Commentary: German supply chain law should be strengthened to ensure the rights of workers are protected
"Hanging by a thread: what’s right – and wrong – with the new German supply chain law meant to protect human rights", 26 February 2021
...A new supply chain law agreed on by the German government is supposed to change the extent to which participants in global supply chains serving German companies are protected... German CSOs underscored the fact that the mere decision in favour of a supply chain law is a win, but its usefulness will have to be judged by whether it actually yields any change for the affected people on the ground. The law still has to be approved by parliament, which, depending on the MPs’ susceptibility to corporate lobbying, might either strengthen it slightly or weaken it further. What’s clear is that the law in its current form will not change the lives of those toiling under precarious and unsafe conditions in distant countries...
...Here are some of the ways in which the current proposal is failing those it’s supposed to protect:
The law lacks a civil liability provision that enables affected people abroad to directly take legal steps against German companies for human rights violations. Instead, an agency forming part of the German Ministry of Economic Affairs will examine whether companies adhere to their due diligence duties and can fine them for the failure to do so. NGOs and unions will have the possibility to file lawsuits in Germany in the name of victims under certain circumstances, but ultimately the victims cannot take action themselves.

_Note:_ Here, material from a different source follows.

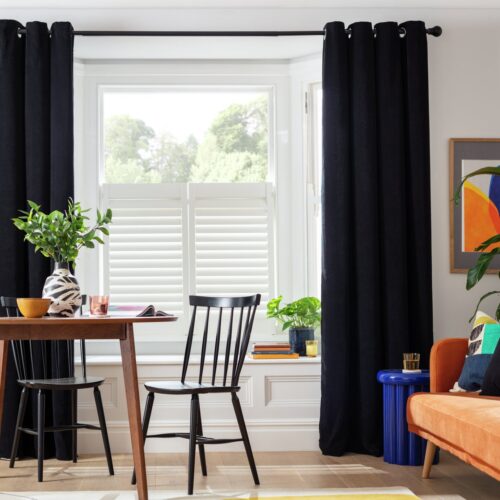 Habitat Cord Eyelet Curtains - Black - 117x137cm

It is still unclear whether the law will extend to more than the first-tier suppliers, which means that a vast number of human rights abuses further down the supply chain will likely remain unaddressed. The law mandates companies to take action further down the supply chain if they have substantiated reasons to believe that there are human rights violations, but it does not define what substantiated reasons are. For example, is it enough to know that children work under horrific conditions in Congolese mines that supply raw materials for batteries, or does a German battery company need to know specific details about its individual supply chain to be compelled to act?
The law will only apply to the roughly 600 companies that employ at least 3,000 staff members from 2023, and to around 2,900 companies with more than 1,000 staff members from 2024. It therefore overlooks more than 99% of German companies that belong into the category of small and medium enterprises (SMEs), many of which are operating in high-risk sectors such as the chemical or the textile industry. Furthermore, it does not include foreign-owned multinationals that conduct business in Germany, even if a large share of their profit comes from the German market.
The law does not reflect the wishes of the German public. The final compromise is disappointing and also blatantly undemocratic, since a survey had shown that 75% of Germans were not only in favour of a due diligence law, but wanted this law to include legal mechanisms to hold corporations liable for human rights violations, which are currently absent.
To top it all off, there’s a massive elephant in the room: apart from being structured by class, nationality and income, global supply chains are racialised, with people of colour dominating the lower value-added positions and supply chains becoming increasingly white as the value-added increases. Thus, people of colour are at the receiving end of the human rights violations the law was supposed to prevent. It’s not just a form of injustice – it’s blatantly racialized injustice...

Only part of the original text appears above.